▶ [TASK DESCRIPTION]:
Return all of the entries below exactly as they are given.

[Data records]
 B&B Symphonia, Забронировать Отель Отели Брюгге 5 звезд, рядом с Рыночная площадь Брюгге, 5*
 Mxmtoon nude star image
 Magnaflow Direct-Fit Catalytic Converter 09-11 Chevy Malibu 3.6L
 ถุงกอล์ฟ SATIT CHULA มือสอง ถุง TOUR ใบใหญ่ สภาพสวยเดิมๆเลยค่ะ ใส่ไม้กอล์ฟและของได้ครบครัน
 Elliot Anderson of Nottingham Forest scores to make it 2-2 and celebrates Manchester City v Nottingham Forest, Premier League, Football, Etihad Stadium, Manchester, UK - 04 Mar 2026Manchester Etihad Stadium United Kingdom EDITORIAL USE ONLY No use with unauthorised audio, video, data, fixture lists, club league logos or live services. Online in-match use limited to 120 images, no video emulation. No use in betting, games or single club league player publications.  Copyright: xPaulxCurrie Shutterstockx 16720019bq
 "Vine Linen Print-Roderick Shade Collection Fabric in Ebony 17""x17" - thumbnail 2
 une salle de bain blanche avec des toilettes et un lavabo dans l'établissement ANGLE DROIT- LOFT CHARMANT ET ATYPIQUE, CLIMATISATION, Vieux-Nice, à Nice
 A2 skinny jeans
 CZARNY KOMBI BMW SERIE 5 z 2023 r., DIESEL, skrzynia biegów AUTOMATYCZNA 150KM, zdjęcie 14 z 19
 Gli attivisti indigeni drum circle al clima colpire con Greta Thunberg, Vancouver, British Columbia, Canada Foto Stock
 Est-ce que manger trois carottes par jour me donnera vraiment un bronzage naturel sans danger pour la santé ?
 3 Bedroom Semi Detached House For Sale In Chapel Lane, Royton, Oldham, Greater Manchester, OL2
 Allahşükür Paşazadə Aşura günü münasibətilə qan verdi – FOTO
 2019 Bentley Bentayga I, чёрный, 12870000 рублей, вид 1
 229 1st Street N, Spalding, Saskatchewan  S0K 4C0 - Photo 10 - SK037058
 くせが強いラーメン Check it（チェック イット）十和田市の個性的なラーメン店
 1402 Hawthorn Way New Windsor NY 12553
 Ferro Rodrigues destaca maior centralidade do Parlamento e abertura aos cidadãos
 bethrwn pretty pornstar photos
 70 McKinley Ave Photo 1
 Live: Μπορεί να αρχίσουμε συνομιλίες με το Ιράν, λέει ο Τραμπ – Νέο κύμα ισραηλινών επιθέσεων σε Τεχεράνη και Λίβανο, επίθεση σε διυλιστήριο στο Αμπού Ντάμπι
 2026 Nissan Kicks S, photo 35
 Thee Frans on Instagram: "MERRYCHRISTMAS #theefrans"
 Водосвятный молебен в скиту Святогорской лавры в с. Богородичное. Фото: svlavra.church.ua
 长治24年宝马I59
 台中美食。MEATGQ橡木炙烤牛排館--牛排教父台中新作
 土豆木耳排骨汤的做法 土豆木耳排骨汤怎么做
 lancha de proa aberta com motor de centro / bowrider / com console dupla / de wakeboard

▶ [RESULT]:
 B&B Symphonia, Забронировать Отель Отели Брюгге 5 звезд, рядом с Рыночная площадь Брюгге, 5*
 Mxmtoon nude star image
 Magnaflow Direct-Fit Catalytic Converter 09-11 Chevy Malibu 3.6L
 ถุงกอล์ฟ SATIT CHULA มือสอง ถุง TOUR ใบใหญ่ สภาพสวยเดิมๆเลยค่ะ ใส่ไม้กอล์ฟและของได้ครบครัน
 Elliot Anderson of Nottingham Forest scores to make it 2-2 and celebrates Manchester City v Nottingham Forest, Premier League, Football, Etihad Stadium, Manchester, UK - 04 Mar 2026Manchester Etihad Stadium United Kingdom EDITORIAL USE ONLY No use with unauthorised audio, video, data, fixture lists, club league logos or live services. Online in-match use limited to 120 images, no video emulation. No use in betting, games or single club league player publications.  Copyright: xPaulxCurrie Shutterstockx 16720019bq
 "Vine Linen Print-Roderick Shade Collection Fabric in Ebony 17""x17" - thumbnail 2
 une salle de bain blanche avec des toilettes et un lavabo dans l'établissement ANGLE DROIT- LOFT CHARMANT ET ATYPIQUE, CLIMATISATION, Vieux-Nice, à Nice
 A2 skinny jeans
 CZARNY KOMBI BMW SERIE 5 z 2023 r., DIESEL, skrzynia biegów AUTOMATYCZNA 150KM, zdjęcie 14 z 19
 Gli attivisti indigeni drum circle al clima colpire con Greta Thunberg, Vancouver, British Columbia, Canada Foto Stock
 Est-ce que manger trois carottes par jour me donnera vraiment un bronzage naturel sans danger pour la santé ?
 3 Bedroom Semi Detached House For Sale In Chapel Lane, Royton, Oldham, Greater Manchester, OL2
 Allahşükür Paşazadə Aşura günü münasibətilə qan verdi – FOTO
 2019 Bentley Bentayga I, чёрный, 12870000 рублей, вид 1
 229 1st Street N, Spalding, Saskatchewan  S0K 4C0 - Photo 10 - SK037058
 くせが強いラーメン Check it（チェック イット）十和田市の個性的なラーメン店
 1402 Hawthorn Way New Windsor NY 12553
 Ferro Rodrigues destaca maior centralidade do Parlamento e abertura aos cidadãos
 bethrwn pretty pornstar photos
 70 McKinley Ave Photo 1
 Live: Μπορεί να αρχίσουμε συνομιλίες με το Ιράν, λέει ο Τραμπ – Νέο κύμα ισραηλινών επιθέσεων σε Τεχεράνη και Λίβανο, επίθεση σε διυλιστήριο στο Αμπού Ντάμπι
 2026 Nissan Kicks S, photo 35
 Thee Frans on Instagram: "MERRYCHRISTMAS #theefrans"
 Водосвятный молебен в скиту Святогорской лавры в с. Богородичное. Фото: svlavra.church.ua
 长治24年宝马I59
 台中美食。MEATGQ橡木炙烤牛排館--牛排教父台中新作
 土豆木耳排骨汤的做法 土豆木耳排骨汤怎么做
 lancha de proa aberta com motor de centro / bowrider / com console dupla / de wakeboard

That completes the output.